Download Original Video (33.7 MB)

Network Dynamics Are Hierarchically Organized into Opposing Functional Systems

As some networks, like the default-mode network, normally show strong negatively correlated relation with other networks over time, we next investigated whether the aforementioned reduced network dynamics could have affected this aspect of normal network dynamics. The normal coherence of centrality dynamics between individual resting-state networks was first investigated in healthy control subjects, indicating two main clusters as shown in the heat map in Figure 3, A. Networks within the same cluster mostly showed positively correlated fluctuations over time, whereas networks in opposing clusters mostly demonstrated negatively correlated behavior. The first cluster included the default-mode and frontoparietal networks, while the second included the sensorimotor and visual networks.

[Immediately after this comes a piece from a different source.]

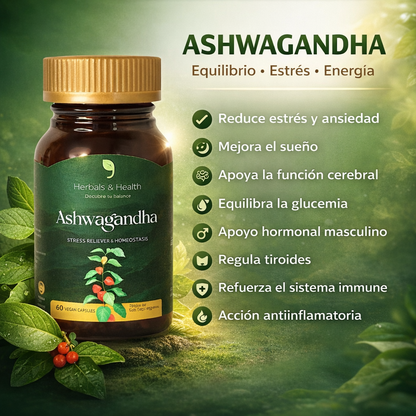 Ashwagandha 500 mg 60 cápsulas – Suplemento natural para estrés, energía y enfoque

Figure 3: Resting-state network (RSN) centrality correlations and hierarchical clustering. A correlation and hierarchical clustering analysis was used to assess how the fluctuations in functional importance of RSNs is hierarchically organized between individual RSNs over time. A, The heat map illustrates average coherence of fluctuations in importance between individual RSNs in the healthy control group (n = 96). The dendogram derived from the hierarchical clustering analysis reveals a broad subdivision into two clusters: a cluster that includes default-mode, frontoparietal, cerebellar, and executive control networks (green), and a cluster that includes visual, sensorimotor, dorsal attention, precuneus, and language networks (orange). B, Significance testing revealed a reduced negative correlation (corrected P = .02) between default-mode and visual networks in cognitively impaired (CI) participants with multiple sclerosis (MS) compared with cognitively preserved (CP) participants with MS. Boxes reflect median and interquartile range and whiskers reflect the 5th and 95th percentiles. * indicates a significant difference between CI and CP participants with MS. Ant. = anterior, Lat. = lateral, Med. = medial, Post. = posterior.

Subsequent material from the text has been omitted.